At Saturday, January 27, 2007 1:36:00 PM,  Phil Birnbaum said...

Hi, John,

Excellent, thanks for all the effort.

It seems like the overall correlation is (very, very roughly) the sum of the FA and NFA correlations, rather than the average (which I assumed).

Which puts a whole new slant on my assertion that money really does buy wins ... your analysis suggests that money buys wins LESS than you'd assume from the raw numbers, where I assumed more. That's assuming "money buying wins" refers to free agents only.

However, it's not that much less -- overall, .28 for the NFL instead of .35. So, in the baseball case, where "The Wages of Wins" found a correlation of .4, we might guess (roughly) that the free-agent correlation is maybe .35.

Does that sound right to you?

At Saturday, January 27, 2007 2:20:00 PM,  Anonymous said...

Roughly. We really ought to come up with a better way to define the FA/NFA split and run the numbers again. Then we'd have a bit more than our educated guess.

At Saturday, January 27, 2007 2:29:00 PM,  Phil Birnbaum said...

Another thing too is that the correlation between salary and wins is not necessarily the best way to answer the question of whether "money can buy wins".

What most people mean by money buying wins is spending on free agents at the margin. Suppose every team spends roughly the same amount on free agents of roughly the same quality, but, just by luck, some players outperform others randomly. The correlation between payroll and wins will be close to zero -- but any team that *doesn't* spend the money free agents will lose a lot of games.

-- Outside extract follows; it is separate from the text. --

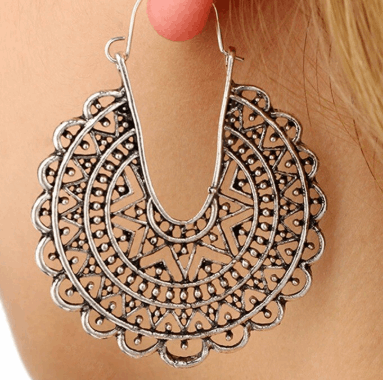 Boucles d'oreilles ethniques bohèmes en 6 styles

In that case, (a) marginal money definitely buys marginal wins, but (b) total payroll is not strongly correlated to wins.

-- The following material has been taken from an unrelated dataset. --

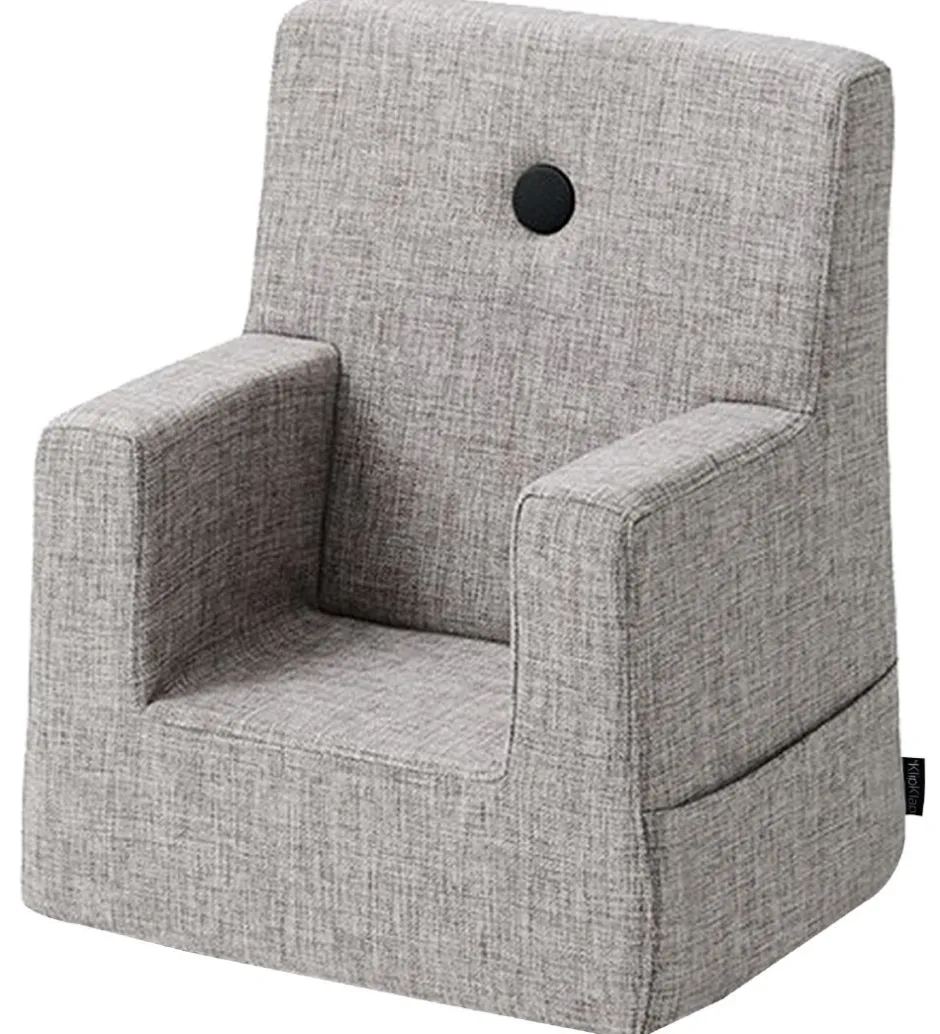 Stole*by KlipKlap Lænestol - Kids Chair - 43x43x50 cm - Multi Grey/Gre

I much prefer old-fashioned methods. If we observe that player A costs \$10 million, and creates two wins above replacement, we can conclude that wins cost about \$5MM each.

To me, the approach "The Wages of Wins" took is far less reliable than using sabermetric measures. But the line of investigation here is arguing about how to interpret the results of the TWOW study, not about whether how appropriate or meaningful the study is.